The house had finally gone quiet.

After hours of Truth or Dare chaos, after Percy's dramatic recaps, after Tita Gema's fourth round of snacks, after Keigan and Keiren were finally wrestled into bed, after Grazel Jay had fallen asleep in Grace's arms—silence had settled over the Fernandez house like a warm blanket.

Section E had gone home, one by one, with promises to return and threats to call if anything happened. Drew had collected his betting winnings. David had been carried out by Denzel, still somehow asleep. Freya had lingered near the door, exchanging one last look with Edrix that Percy immediately photographed for "historical purposes."

Now, only family remained.

Jay's grandma had retired to her room, cane tapping against the floor. Tita Gema was in the kitchen, doing one last check of the locks. Jasfer had disappeared to his room with a dramatic "I'm old and need my beauty sleep." Serina had kissed both Jay and Keifer goodnight—Jay's forehead, Keifer's cheek—and headed upstairs with a knowing smile.

Angelo was on patrol outside, a silent guardian.

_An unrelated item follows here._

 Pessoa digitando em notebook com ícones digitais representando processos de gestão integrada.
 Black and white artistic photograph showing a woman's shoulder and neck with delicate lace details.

And Jay and Keifer stood in the hallway outside their rooms.

Their separate rooms.

The arrangement had been practical when everyone moved in—Jay in her childhood room, Keifer in the guest room down the hall. With the house full of family, it made sense.

But tonight—

Tonight, neither of them wanted to be apart.

Jay looked at Keifer. He looked at her.

The air between them crackled.

"Goodnight," Jay said softly.

Keifer's voice was rough. "Goodnight."

Neither moved.

Jay's heart hammered. "Keifer?"

"Yeah?"

"Come here."

It wasn't a question.

He crossed the distance in two steps, pulling her into his arms, kissing her like he'd been waiting his whole life for this moment.

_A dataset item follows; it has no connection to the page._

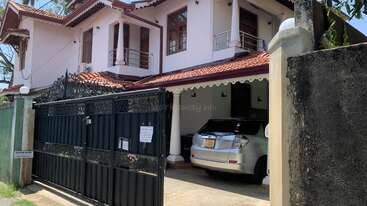 Uma casa de dois andares com telhado de telhas vermelhas, paredes brancas e varandas. Portão preto ornamentado na frente, entrada da garagem com um carro prateado estacionado dentro, dia ensolarado.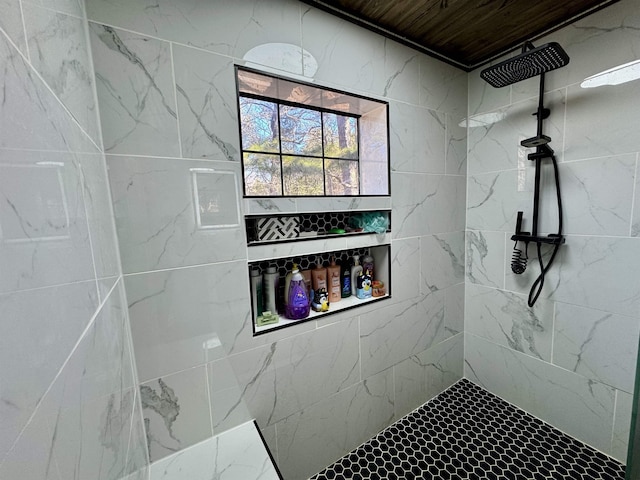 bathroom with tiled shower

She melted against him, hands fisting in his shirt.

When they finally pulled apart, breathless, Keifer rested his forehead against hers.

"Jay…"

"I know."

"Your family is right downstairs."

"I know."

"If anyone walks in—"

"Then they walk in." She looked up at him, eyes fierce and soft all at once. "I don't care anymore. I've spent too long hiding what I feel. I'm done hiding."

Keifer's breath caught.

Then he grabbed her hand and pulled her toward his room.

The door clicked shut behind them.

The room was dark, lit only by moonlight streaming through the window. Keifer's bed was unmade, sheets tangled from his restless sleep the night before.

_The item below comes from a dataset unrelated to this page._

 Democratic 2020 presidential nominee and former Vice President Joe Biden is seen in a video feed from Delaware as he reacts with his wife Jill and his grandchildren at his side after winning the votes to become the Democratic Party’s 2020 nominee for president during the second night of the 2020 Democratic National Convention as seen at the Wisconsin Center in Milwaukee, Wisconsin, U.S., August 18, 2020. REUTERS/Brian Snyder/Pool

They stood in the doorway, facing each other.

Jay reached for the hem of her shirt.

Keifer caught her hands gently. "Wait."

She looked at him.

His eyes were soft—so soft it made her chest ache.

"I want to remember this," he whispered. "Every second. Every moment. I've waited so long for you, Jay. I don't want to rush."

Jay's eyes glistened.

She stepped closer, cupping his face in her hands.

"Then don't rush," she whispered. "Take your time. I'm not going anywhere."

He kissed her—slow, deep, full of years of longing.

And then—

Time seemed to stop.

The night wrapped around them like a secret.

Moonlight painted silver stripes across the bed. The house was silent except for the distant creaks of an old home settling. Somewhere outside, Angelo's footsteps paced the perimeter—steady, watchful, safe.

Inside Keifer's room, there was only them.

Keifer traced the line of Jay's jaw like he was memorizing it. She shivered under his touch—not from cold, but from the intensity of being seen. Really seen.

"You're beautiful," he whispered.

Jay laughed softly. "You're biased."

"I'm honest." He kissed the corner of her mouth. "There's a difference."

"Is there?"

"I've loved you since I was seven years old. I think I'd know."

Jay's heart swelled.

She pulled him closer, burying her face in his neck, breathing him in.

"Keifer?"

"Yeah?"

"I'm glad you were confused by me at five."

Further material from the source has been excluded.